2. A homologous pair of chromosomes are chromosomes that have the same genes at the same loci. Members of homologous pairs pair up during meiosis. Diploid organisms produced by sexual reproduction have homologous pairs of chromosomes. One member from the mother and one from the fater.
3. Mitosis
  1. Growth: multicellular organisms produce extra cells to grow. each new cell is geneticall identical to the parent cells so cam perform the same fumction.

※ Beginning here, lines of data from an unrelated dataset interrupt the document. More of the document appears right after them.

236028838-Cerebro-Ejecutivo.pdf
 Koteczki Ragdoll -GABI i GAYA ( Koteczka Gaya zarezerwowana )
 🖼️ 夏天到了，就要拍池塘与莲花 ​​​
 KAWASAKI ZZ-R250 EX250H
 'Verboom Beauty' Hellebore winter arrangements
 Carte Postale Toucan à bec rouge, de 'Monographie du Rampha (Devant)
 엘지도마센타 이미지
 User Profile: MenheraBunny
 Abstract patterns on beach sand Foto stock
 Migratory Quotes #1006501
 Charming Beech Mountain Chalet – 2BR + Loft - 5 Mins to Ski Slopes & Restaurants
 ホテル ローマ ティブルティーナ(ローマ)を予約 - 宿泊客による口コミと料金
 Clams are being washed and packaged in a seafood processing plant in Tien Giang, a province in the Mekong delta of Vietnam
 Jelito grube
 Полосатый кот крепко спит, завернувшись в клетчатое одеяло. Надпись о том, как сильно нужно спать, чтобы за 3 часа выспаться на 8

  2. Repair/replacement: Damaged cells need to be replaced by new ones that perform the same functions and so need the genetically identical daughter cells.
  3. Asexual reproduction: single celled organisms divide to produce two daughter cells that are seperate organisms. some multicellular organisms use asexual reproduction to produce offspring from parts of the parent.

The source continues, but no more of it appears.